I cannot probe the flash for the combination CS-E9302, ARM-USB-OCD and openocd.
When I probe I get this error:
halt
requesting target halt…
Target 0 halted
target halted in ARM state due to debug request, current mode: IRQ
cpsr: 0x60000092 pc: 0xffff0018
MMU: enabled, D-Cache: enabled, I-Cache: enabled
flash probe 0
probing failed for flash bank ‘#0’ at 0x60000000
openocd reports the following:
Info: openocd.c:86 main(): Open On-Chip Debugger (2007-04-26 16:40 CEST)
Warning: arm7_9_common.c:2009 arm7_9_write_memory(): memory write caused data abort (address: 0x60000aaa, size: 0x2, count: 0x1)
and a lot of similar lines.
part of my config file:
jtag_speed 1
reset_config trst_and_srst
target arm920t little reset_halt 0
working_area 0 0x80014000 0x1000 backup
flash bank cfi 0x60000000 0x1000000 2 2 0
Has anyone got this setup working ?
Thanks
Per
Hi,
you are running with the MMU enabled, apparently while executing an IRQ handler.
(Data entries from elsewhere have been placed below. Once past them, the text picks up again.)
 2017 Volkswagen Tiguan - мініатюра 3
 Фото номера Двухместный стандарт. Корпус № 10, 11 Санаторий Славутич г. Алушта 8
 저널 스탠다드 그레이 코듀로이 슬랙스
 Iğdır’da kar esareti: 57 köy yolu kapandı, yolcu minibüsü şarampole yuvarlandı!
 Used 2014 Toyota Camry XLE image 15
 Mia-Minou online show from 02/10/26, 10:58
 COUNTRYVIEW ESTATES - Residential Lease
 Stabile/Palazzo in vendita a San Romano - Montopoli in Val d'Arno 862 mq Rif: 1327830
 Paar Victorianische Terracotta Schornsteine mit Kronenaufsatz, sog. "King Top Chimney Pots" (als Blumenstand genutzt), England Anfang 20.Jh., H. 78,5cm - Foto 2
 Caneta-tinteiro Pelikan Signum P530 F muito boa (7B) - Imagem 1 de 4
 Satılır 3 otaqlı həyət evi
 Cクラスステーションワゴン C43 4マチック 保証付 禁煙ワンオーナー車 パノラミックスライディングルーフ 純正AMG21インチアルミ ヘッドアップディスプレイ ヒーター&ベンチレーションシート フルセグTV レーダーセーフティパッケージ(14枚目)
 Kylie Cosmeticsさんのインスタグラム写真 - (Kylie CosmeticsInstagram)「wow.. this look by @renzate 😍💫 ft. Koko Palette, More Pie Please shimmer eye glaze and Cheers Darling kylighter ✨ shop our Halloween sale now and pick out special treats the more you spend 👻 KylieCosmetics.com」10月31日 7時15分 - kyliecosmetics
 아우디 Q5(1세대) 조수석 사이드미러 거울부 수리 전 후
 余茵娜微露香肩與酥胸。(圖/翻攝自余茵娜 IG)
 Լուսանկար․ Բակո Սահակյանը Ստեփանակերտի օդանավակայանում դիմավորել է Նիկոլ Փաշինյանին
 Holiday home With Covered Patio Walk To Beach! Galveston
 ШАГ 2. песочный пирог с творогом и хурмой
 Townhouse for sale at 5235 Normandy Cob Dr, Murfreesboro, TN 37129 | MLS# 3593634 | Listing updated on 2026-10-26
At this point, the flash is most likely not mapped to 0x60000000, and caching might be enabled at the location where it is mapped.
To flash using the OpenOCD please issue a “reset halt” while your target is running. This allows you to debug your system out of reset. Either allow your bootloader to configure the clocks and memories, or use a script to perform this yourself, like I do in http://mmd.ath.cx/openocd/cfgs/cs_ep9301_init.script. While these timings are for the 166/66 MHz EP9301 they should work for your EP9302, too.
After running this script you should be able to write to your flash at 0x60000000 without problems.
Regards,
Dominic
Hi Dominic,
thanks for replying
I just discovered my problem was in the ARM-USB-OCD hardware. By replacing the R25 resistor with a new one it works perfect. I can poll the flash using your supplied script.
I found the jtag reset pin (15) did not react on commands from openocd. I could see the reset signal on the FT2232 chip. To my astonishment the problem wasnot the Q4 transistor driving the jtag reset, but the resistor driving Q4 !
I still have some learning to do, before I dare to reflash the redboot SW.